Can anyone comment on the condition of this resort? Exchange on hold with RCI for Feb. 2008. The only reviews are quite old. Thanks for the advice.

Mer


----------



## ronandjoan (May 18, 2006)

I asked this some time ago and recd no answers.  We are scheduled there Dec 06 so will have an update then.


----------



## Jim Bryan (May 18, 2006)

I'll be at the "Don" next week overnight. I'll drive bye and look.


----------



## MULTIZ321 (May 18, 2006)

Mer,

If you haven't already seen these TripAdvisor reviewshttp://www.tripadvisor.com/Search?lc=en_US&returnTo=&SearchTeaser=%28your+destination%2C+hotel+or+attraction%29&where=body&geo=1&q=CAMELOT+BY+THE+SEA+ST+PETERSBURG+FLORIDA&rcbtimeout=15000&txid=94342&ssrc=r


Richard


----------



## Mer (May 18, 2006)

Thanks for the replies. I forget to check Tripadvisor but now I see the positive reviews there. We decided to let this go since it may not be warm enough for us in February.

Mer


----------



## Jim Bryan (May 24, 2006)

Went by this morning. Looks real nice from the outside. Fresh Paint, nice landscapping. No pool and didn't see inside. Across the road from a beautiful beach in one of the nicest small beach towns in Florida. Pass-A-Grille. It's not really St Pete Beach but near and better. The traffic on the road is not bad at all.

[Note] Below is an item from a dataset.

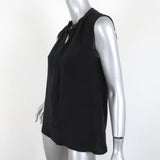 Derek Lam Blouse Kara Black Silk Size 4 Sleeveless Top - Celebrity Owned
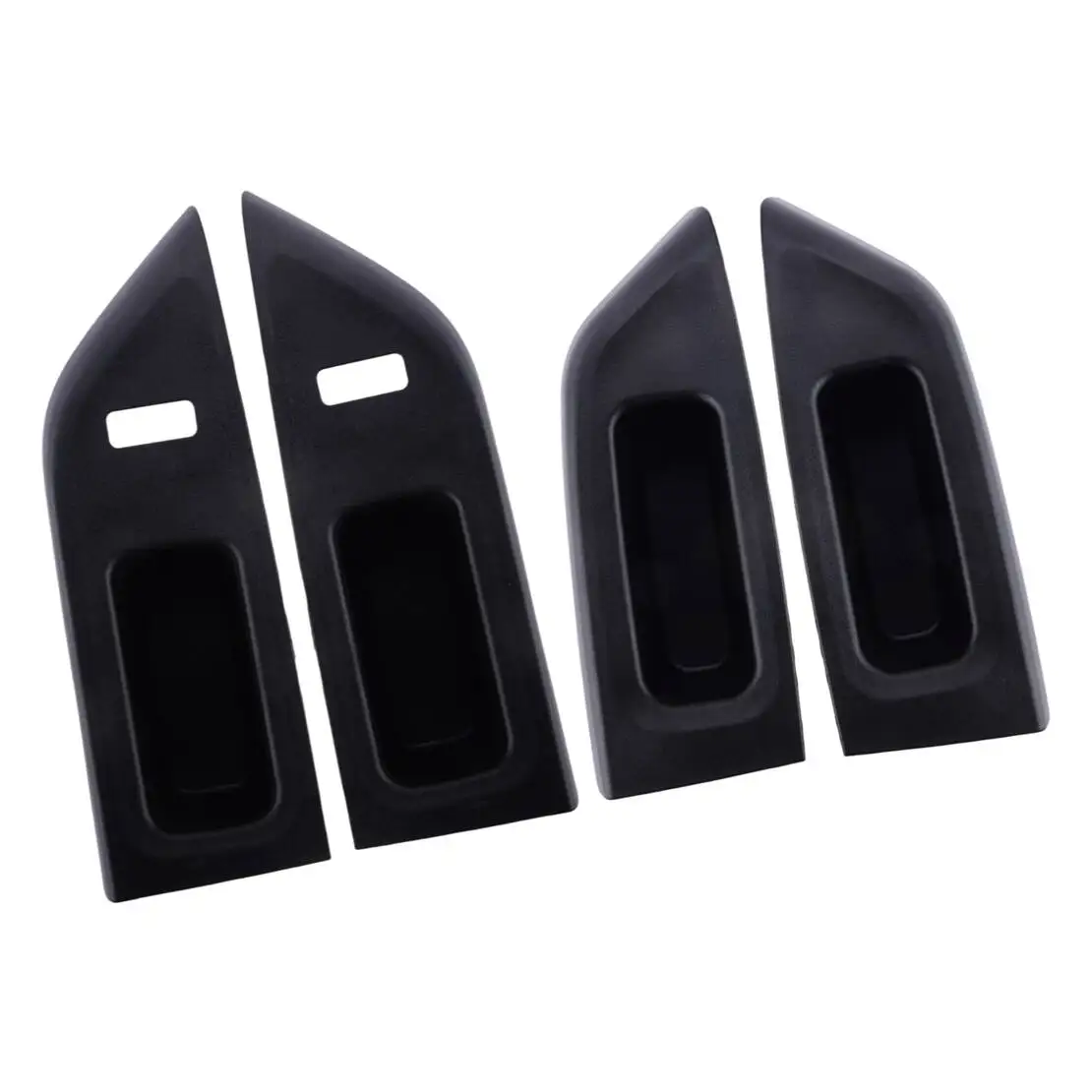 

74271-52240-C0 4 шт./компл. кнопка дверного замка, панель переключателя, накладка на подлокотник, безель, подходит для Toyota Yaris Hatchback 2012-2014 2015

Hope this area never changes.


----------



## JimJ (May 25, 2006)

We are there this week (May 20-27).  It is a standard resort but in good shape.  No complaints from us and we will be quite willing to come back again sometime.  There is a very nice pool, but it is in the back and not visable from the street.  Just had a great hamburger, beans, chips and macaroni salad lunch for the Thursday gathering for guests for $2/per person.

We were at Marriot Ocean Point (an II 5 star) two weeks ago and Palm Beach Shores Resort last week (an RCI gold crown).  I would just as soon be here.


----------